W opracowaniu znajdują się wzmianki o województwie opolskim i Ziemi Nyskiej. Nie jest to pierwszy raz, kiedy w muzeum organizujemy takie wydarzenie. Kilka lat temu odbyła się u nas promocja wcześniejszego tomu poświęconemu Solidarności. Jest to dzieło, które cały czas się tworzy. Środowiska Solidarności z Nysy dotarły do mnie i z przyjemnością się zgodziłem, żeby zorganizować to wydarzenie. Coraz częściej zapominamy o tych ludziach, są to dla nas również coraz odleglejsze czasy. My jednak pamiętamy, że to, co osiągnęliśmy to zasługa pewnej grupy ludzi, o których należy pamiętać. Gdyby nie oni, ich odwaga i ich zaangażowanie być może historia Polski potoczyłaby się inaczej.

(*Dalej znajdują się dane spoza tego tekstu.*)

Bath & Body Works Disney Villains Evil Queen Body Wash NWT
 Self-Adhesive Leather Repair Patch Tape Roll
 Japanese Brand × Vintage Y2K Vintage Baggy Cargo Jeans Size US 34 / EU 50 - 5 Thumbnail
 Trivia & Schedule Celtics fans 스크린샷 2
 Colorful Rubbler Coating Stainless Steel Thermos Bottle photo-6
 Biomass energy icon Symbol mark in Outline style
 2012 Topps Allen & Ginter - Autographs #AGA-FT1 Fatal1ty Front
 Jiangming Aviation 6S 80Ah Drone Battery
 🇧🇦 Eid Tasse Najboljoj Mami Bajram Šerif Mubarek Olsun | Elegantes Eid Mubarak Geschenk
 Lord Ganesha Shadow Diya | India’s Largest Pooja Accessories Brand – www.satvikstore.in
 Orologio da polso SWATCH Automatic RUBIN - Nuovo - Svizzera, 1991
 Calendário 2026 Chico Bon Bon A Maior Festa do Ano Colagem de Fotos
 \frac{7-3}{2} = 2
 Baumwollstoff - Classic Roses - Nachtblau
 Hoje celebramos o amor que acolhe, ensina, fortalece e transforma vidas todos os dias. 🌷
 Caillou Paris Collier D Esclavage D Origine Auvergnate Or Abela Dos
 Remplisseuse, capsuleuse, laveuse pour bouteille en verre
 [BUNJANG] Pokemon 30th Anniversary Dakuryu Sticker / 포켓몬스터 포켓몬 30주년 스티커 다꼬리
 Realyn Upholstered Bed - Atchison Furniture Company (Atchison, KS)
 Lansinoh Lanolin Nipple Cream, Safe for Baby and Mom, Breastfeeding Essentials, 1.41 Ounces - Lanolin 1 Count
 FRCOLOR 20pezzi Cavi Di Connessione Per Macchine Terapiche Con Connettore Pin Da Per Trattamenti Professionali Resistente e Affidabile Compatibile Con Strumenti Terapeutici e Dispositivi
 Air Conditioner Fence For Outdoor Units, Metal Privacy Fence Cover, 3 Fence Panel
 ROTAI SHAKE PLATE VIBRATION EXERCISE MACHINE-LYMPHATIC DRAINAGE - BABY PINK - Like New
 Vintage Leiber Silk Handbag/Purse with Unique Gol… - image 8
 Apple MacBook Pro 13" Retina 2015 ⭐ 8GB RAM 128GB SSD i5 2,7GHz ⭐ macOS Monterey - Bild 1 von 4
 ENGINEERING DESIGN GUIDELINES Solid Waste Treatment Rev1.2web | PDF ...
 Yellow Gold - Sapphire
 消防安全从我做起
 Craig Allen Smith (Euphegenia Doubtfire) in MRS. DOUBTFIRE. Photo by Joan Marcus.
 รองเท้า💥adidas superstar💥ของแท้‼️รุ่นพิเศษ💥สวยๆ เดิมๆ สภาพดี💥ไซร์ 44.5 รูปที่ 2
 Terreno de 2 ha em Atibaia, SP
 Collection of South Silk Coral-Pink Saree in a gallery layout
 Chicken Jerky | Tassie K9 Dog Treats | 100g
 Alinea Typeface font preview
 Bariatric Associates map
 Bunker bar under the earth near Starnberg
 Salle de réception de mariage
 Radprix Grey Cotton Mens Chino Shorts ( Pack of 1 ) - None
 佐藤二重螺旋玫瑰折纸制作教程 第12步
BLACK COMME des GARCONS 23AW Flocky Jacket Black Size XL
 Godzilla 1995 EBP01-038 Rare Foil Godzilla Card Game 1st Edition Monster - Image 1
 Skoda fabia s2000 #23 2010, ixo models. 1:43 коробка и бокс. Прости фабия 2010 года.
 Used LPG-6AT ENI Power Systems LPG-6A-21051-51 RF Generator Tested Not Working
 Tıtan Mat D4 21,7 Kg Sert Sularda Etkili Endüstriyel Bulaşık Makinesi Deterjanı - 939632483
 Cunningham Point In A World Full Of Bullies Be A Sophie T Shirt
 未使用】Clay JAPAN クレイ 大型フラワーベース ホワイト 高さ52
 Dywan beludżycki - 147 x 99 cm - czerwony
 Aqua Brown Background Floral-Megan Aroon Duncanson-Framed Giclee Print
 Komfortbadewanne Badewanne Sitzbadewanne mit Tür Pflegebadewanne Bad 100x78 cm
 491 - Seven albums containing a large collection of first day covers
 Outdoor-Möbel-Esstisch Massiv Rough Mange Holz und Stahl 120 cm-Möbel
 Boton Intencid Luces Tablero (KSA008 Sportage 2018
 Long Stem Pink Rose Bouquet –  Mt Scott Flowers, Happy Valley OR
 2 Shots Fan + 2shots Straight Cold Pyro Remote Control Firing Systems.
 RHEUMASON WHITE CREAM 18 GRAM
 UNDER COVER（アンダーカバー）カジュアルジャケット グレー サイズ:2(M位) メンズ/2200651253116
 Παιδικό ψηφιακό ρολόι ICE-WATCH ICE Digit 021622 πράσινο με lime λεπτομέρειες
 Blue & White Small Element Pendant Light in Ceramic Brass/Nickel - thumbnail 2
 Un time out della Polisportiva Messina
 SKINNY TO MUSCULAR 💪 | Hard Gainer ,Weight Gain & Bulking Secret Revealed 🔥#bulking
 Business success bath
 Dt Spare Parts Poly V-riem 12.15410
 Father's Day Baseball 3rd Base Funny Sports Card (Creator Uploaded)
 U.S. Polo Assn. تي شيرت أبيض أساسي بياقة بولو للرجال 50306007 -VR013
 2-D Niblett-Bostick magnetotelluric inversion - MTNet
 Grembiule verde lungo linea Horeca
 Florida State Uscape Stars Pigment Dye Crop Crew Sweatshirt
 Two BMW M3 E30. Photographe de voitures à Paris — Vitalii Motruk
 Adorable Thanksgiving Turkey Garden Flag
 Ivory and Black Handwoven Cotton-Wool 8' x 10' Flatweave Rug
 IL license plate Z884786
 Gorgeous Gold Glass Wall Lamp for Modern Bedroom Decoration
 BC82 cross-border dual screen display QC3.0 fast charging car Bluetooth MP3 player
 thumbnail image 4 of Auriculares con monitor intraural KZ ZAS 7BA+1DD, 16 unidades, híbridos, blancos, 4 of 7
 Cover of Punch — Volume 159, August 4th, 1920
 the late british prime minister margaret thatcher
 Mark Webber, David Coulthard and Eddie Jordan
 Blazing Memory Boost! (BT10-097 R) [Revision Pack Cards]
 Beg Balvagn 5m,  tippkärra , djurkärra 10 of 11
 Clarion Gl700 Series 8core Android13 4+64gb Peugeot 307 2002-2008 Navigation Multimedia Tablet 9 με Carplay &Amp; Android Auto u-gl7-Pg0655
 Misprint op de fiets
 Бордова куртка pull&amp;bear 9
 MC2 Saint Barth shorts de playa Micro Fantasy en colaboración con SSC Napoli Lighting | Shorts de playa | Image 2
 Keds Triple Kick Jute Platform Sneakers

Wielkimi krokami zbliża się również przywołana już Noc Muzeów.
Zgadza się, mamy już scenariusz tego wydarzenia prawie całkowicie dopięty. Będzie to noc pod hasłem „Nysa rycerska”. Pretekstem do tego jest hełm z XV wieku, który odkryliśmy w czasie badań na ulicy Kramarskiej. Podczas nich odkryliśmy mnóstwo artefaktów i kilka bardzo interesujących przedmiotów, między innymi właśnie wspomniany hełm. Dzięki dotacji Starostwa Powiatowego w Nysie udało się nam zrobić rekonstrukcję tego hełmu. Pokażemy więc oryginał, ale też wierną kopię.
Do przestrzeni muzeum zaprosiliśmy również różnych rekonstruktorów. Odbędą się pokazy walk, będzie także bardzo interesujący występ muzyczny. Przy tej okazji wspomnę, że mamy w swoich zbiorach bardzo cenny eksponat pochodzący ze wcześniejszych znalezisk, czyli średniowieczny flet. Jakiś czas temu wykonaliśmy kopię tego instrumentu i okazało się, że na tej kopii można zagrać. Tak więc pan Mariusz Drożdżal, znana w mieście postać związana z muzyką i Państwową Akademią Nauk Stosowanych zagra na tym flecie. Będzie to bez wątpienia duże wydarzenie. Można więc stwierdzić, że w trakcie Nocy Muzeów we wnętrzach Muzeum Powiatowego w Nysie, a także na jego dziedzińcu będzie się dużo działo. Liczę, że pogoda dopisze, ale gdyby tak się nie stało, to mamy na to odpowiednie rozwiązanie.